Editor's note: This story was originally published in 2017. We've recently published this feature on how the basic income pilot project in Ontario is affecting the lives of two families.

A basic income program similar to the one Ontario is testing would cost Canada around $15 billion annually, says a new study from the Northern Policy Institute.

The study estimates that if Ontario's basic income were implemented nationwide, it would cost $30 billion per year. But because the program replaces existing welfare and disability support programs, the savings would offset about half the cost of the basic income.

"A net cost of $15 billion annually is not only feasible, it is about five per cent of federal government expenditure and much less than we currently spend on seniors' benefits," wrote study author Evelyn Forget.

"We can afford it if we choose to afford it."

Forget, a professor of community health sciences and economics at the University of Manitoba, is credited with uncovering long-forgotten documentation on a basic income experiment in Dauphin, Man. in the 1970s.
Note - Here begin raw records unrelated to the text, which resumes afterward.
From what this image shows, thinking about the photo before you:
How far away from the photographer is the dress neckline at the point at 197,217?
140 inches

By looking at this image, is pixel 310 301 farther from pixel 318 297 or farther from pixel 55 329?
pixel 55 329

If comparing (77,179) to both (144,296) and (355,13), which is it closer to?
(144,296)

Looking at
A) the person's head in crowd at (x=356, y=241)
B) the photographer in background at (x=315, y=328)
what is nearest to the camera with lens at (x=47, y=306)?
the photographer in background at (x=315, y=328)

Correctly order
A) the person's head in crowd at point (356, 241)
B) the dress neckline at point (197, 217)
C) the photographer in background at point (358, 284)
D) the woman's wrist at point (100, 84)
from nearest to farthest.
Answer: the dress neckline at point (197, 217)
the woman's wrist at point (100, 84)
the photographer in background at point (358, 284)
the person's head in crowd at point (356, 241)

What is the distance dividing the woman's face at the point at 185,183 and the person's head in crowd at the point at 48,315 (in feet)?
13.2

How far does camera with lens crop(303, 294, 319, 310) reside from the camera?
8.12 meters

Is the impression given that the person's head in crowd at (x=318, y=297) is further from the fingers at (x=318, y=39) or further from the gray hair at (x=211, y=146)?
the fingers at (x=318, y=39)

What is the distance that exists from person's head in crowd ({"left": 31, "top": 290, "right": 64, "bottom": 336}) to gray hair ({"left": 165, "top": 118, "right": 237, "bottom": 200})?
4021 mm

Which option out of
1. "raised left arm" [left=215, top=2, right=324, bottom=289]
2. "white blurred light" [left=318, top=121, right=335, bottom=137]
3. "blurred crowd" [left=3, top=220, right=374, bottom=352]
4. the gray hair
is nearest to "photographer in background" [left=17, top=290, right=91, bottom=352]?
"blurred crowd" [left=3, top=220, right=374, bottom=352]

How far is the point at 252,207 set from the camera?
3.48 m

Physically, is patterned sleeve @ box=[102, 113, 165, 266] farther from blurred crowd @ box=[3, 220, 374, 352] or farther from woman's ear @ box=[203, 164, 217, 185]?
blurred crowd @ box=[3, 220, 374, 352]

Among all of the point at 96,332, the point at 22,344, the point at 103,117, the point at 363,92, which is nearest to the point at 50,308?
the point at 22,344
She found that the Dauphin "mincome" experiment, as it was called, greatly reduced poverty and afforded opportunities that recipients otherwise would not have had.

Both the Dauphin project and similar experiments in the U.S. in the 1970s found that a basic income would cause some people to reduce their working hours, but primarily among "secondary" earners in a household. There was little effect on primary earners — those with the largest paycheque.

The hours worked by youth dropped significantly in the Dauphin experiment, but Forget found this was due to them staying in school.

The Ontario test

Ontario announced in its budget this year that three communities — Hamilton, Lindsay and Thunder Bay — would be the site of a three-year basic income trial. Some 4,000 people will be chosen to participate.

The basic income will provide just under $17,000 per year for an individual, less 50 per cent of anything that person earns. Couples will receive up to $24,027 a year, less 50 per cent of what they earn, and people with disabilities will be granted an additional $6,000 per year.

Forget argues that a basic income is becoming "necessary" because of the rise of precarious work.

"It has become increasingly impossible to ignore the growing numbers of workers who spend many years or their entire careers working on insecure, short-term contracts," she wrote.

"Young people just entering the workforce struggle to find secure employment that makes use of their training and offers them anything like the salary, security and range of benefits previous generations took for granted."

But the idea that a basic income could be affordable is being challenged by other research.

A recent study from the OECD concluded that a basic income would require tax hikes to be affordable. At current spending levels, a basic income would fall well below the poverty line, the OECD study concluded.

Only in two countries — Finland and Italy — would a basic income cost less than those countries' existing social programs, the OECD said.

The report also suggested that a basic income would do little to alleviate poverty, because money previously targeted to support the poor specifically would now be spread among all recipients of a basic income.

A basic income "would require tax rises as well as reductions in existing benefits and would often not be an effective tool for reducing income poverty," the OECD study said.